The usual form for the remainder in the Taylor series is not immediately useful, since it requires us to control high order derivatives of $\tan^{-1}$.

However, observe that the degree $d$ term of the Taylor series for $\tan^{-1}$ has absolute value less than $|x|^d$. Thus the remainder $R_d(x)-\tan^{-1}(x)$ satisfies $$-\sum_{k=d+1}^\infty |x|^k < R_d(x) < \sum_{k=d+1}^\infty |x|^k.$$ Observe that $\sum_{k=d+1}^\infty |x|^k$ is a geometric series and can be evaluated by a standard formula.

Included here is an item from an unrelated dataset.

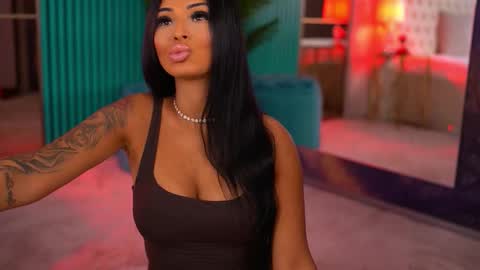 arabellaposh online show from September 14, 2025, 5:39 am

Write a function `arc_tan_degree(x, epsilon)`

which takes as input an $x \in (-1,1)$ and an $\epsilon>0$ and returns an integer $d$ such that $|R_d(x)|<\epsilon$.

Use your function to compute $\tan^{-1}(\frac{1}{2})$ correct to $8$-significant digits. Store the result as a float in the variable `arc_tan_half`

.

You can use floats and ignore the effects of round off error.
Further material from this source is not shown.